Text-to-region grounding data
****************

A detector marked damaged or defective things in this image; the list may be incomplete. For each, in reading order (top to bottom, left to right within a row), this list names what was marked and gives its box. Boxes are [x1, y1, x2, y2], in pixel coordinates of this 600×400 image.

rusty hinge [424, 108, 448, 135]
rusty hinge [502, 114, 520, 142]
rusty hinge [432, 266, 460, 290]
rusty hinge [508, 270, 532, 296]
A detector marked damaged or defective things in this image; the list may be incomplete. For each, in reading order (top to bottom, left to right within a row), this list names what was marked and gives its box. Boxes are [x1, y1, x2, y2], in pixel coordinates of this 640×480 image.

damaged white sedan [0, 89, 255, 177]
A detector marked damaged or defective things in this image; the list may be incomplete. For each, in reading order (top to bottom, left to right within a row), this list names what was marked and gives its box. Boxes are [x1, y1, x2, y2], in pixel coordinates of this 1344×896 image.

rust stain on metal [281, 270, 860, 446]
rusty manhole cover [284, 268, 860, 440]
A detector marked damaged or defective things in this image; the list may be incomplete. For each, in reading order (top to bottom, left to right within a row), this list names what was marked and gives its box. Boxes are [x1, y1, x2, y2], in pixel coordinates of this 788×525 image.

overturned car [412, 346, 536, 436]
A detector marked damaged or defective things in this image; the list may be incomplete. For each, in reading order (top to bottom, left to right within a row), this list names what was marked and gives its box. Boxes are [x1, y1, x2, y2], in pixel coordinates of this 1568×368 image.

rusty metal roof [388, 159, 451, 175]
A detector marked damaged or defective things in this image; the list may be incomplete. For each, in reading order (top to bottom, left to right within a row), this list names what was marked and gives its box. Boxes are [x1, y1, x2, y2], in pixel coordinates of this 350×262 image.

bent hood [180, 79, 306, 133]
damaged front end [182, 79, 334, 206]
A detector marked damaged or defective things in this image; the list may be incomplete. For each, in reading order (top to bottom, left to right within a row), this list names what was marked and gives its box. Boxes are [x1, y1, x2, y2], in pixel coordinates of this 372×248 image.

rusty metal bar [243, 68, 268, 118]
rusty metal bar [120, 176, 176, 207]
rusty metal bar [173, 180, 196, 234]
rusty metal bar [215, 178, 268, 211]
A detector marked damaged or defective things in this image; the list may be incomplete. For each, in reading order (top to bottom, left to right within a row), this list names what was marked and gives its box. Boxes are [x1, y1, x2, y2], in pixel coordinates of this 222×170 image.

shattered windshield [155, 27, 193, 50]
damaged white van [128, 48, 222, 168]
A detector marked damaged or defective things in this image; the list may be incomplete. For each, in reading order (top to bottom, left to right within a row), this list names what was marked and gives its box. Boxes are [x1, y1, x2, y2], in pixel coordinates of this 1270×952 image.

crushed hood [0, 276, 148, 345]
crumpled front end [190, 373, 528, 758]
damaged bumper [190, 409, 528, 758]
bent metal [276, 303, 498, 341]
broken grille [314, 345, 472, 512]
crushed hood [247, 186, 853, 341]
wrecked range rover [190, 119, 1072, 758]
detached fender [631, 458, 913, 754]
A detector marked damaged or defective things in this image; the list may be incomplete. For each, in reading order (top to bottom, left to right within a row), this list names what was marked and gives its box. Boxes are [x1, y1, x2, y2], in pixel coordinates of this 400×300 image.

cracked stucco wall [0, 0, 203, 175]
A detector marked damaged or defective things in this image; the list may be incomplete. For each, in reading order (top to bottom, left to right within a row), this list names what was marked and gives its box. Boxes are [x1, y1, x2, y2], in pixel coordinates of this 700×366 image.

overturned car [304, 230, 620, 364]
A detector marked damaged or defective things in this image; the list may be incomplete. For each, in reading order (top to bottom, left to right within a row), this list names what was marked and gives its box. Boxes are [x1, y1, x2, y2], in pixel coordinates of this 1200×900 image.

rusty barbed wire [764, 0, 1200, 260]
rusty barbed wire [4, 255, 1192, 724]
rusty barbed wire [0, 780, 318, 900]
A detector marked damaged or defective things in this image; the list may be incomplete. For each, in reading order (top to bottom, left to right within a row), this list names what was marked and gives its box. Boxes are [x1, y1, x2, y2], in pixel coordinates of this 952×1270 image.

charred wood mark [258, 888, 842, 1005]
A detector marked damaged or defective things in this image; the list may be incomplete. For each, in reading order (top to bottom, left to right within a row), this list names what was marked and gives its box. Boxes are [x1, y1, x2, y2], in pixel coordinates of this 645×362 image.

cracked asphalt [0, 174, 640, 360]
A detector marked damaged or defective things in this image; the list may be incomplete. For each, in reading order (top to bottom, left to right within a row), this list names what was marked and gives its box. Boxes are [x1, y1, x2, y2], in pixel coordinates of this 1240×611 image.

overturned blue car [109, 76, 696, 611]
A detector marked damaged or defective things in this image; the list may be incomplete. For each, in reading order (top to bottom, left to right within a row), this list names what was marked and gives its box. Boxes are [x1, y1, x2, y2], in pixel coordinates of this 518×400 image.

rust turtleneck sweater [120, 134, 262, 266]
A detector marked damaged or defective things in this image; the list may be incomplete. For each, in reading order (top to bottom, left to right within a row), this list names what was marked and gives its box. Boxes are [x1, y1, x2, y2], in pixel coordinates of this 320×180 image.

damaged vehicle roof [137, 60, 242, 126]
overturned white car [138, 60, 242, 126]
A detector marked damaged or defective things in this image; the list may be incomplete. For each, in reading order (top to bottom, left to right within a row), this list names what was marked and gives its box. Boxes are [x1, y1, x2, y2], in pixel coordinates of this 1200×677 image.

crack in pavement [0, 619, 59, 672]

****************

> **WHAT YOU HAVE TO DO**: Look above for the line containing "this 1240×611 image.". Return it and each line after it exactly, through the last line, and nothing more.

> **TASK RESPONSE**:
A detector marked damaged or defective things in this image; the list may be incomplete. For each, in reading order (top to bottom, left to right within a row), this list names what was marked and gives its box. Boxes are [x1, y1, x2, y2], in pixel coordinates of this 1240×611 image.

overturned blue car [109, 76, 696, 611]
A detector marked damaged or defective things in this image; the list may be incomplete. For each, in reading order (top to bottom, left to right within a row), this list names what was marked and gives its box. Boxes are [x1, y1, x2, y2], in pixel coordinates of this 518×400 image.

rust turtleneck sweater [120, 134, 262, 266]
A detector marked damaged or defective things in this image; the list may be incomplete. For each, in reading order (top to bottom, left to right within a row), this list names what was marked and gives its box. Boxes are [x1, y1, x2, y2], in pixel coordinates of this 320×180 image.

damaged vehicle roof [137, 60, 242, 126]
overturned white car [138, 60, 242, 126]
A detector marked damaged or defective things in this image; the list may be incomplete. For each, in reading order (top to bottom, left to right within a row), this list names what was marked and gives its box. Boxes are [x1, y1, x2, y2], in pixel coordinates of this 1200×677 image.

crack in pavement [0, 619, 59, 672]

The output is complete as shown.